Late ’90s shoe fashion meant chunky platforms, square toes, and three-inch heels. I swaddled my baby bunions in a pair of black Steve Madden block-heeled penny loafers with a one-inch platform sole. Carolina strutted back and forth to work in a pair of Via Spiga snakeskin peep-toe block pumps. Andi slipped on a pair of strappy red Chinese Laundry kitten-heeled sandals after work, leaving her conservative Kenneth Cole platform heels beneath her desk. Emma was all flats, all the time.

We called her Miss Frizzle and asked when her magic school bus was due to arrive.

Today, she’s the only one among us who can stand upright for an hour without complaining. All four of us had plans to take the world by storm. Decades later, Emma’s the only one still in the running to do it.


In college, I wore a button on my backpack with that iconic quote from Ginger Rogers. “I did everything Fred did, only backward and in high heels.” Such was my twenty-something version of feminism.

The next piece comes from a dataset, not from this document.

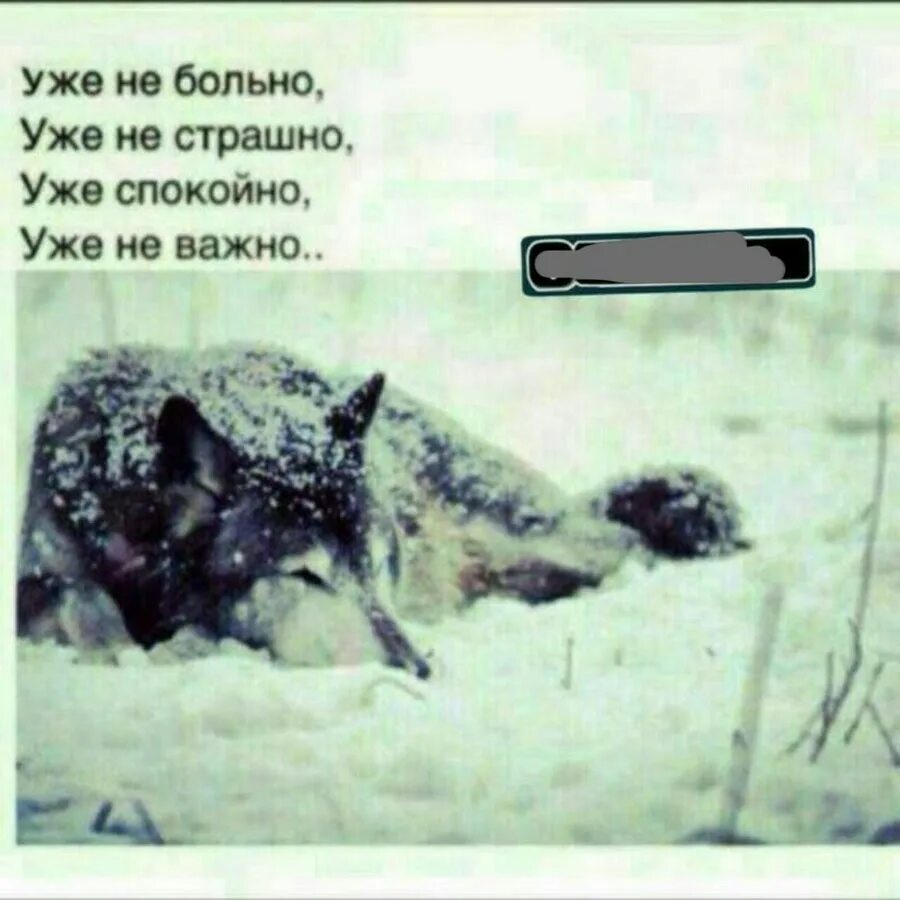 Не больно. Уже не больно уже не страшно. Уже не больно уже не важно. Больно не больно страшно не страшно. Уже не страшно уже спокойно уже не важно.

Now, among my forty-something friends, our version of feminism is to scream at the TV whenever a cable news head compliments the former president’s former-model wife’s Louboutin’s. “WHY IS VIAGRA COVERED BY HEALTH INSURANCE BUT NOT BUNION SURGERY???”

Andi had bunion surgery at thirty-five.

In addition to Morton’s neuroma, my feet are also prone to ingrown toenails.

Carolina wages an ongoing battle with stress fractures.

Listen to me, any of you twenty-somethings reading this. Your feet won’t last as long as you think they will. Last month I bought a pair of Birkenstocks to match my favorite pair of dress pants and I wasn’t trying to be ironic.

The world will soon be yours to lead, my young friends. Stand up and make your voices heard. Future generations will look to you to stop the ozone from disappearing and keep the honeybees pollinating. Nations will rise up against each other, and you will be asked to make peace. More Boomers leave us every day, and Millennials are just hitting their stride. It’s my generation, I’m afraid, who won’t be of much help in your life-or-death crusades. We’re too busy making appointments with the podiatrist.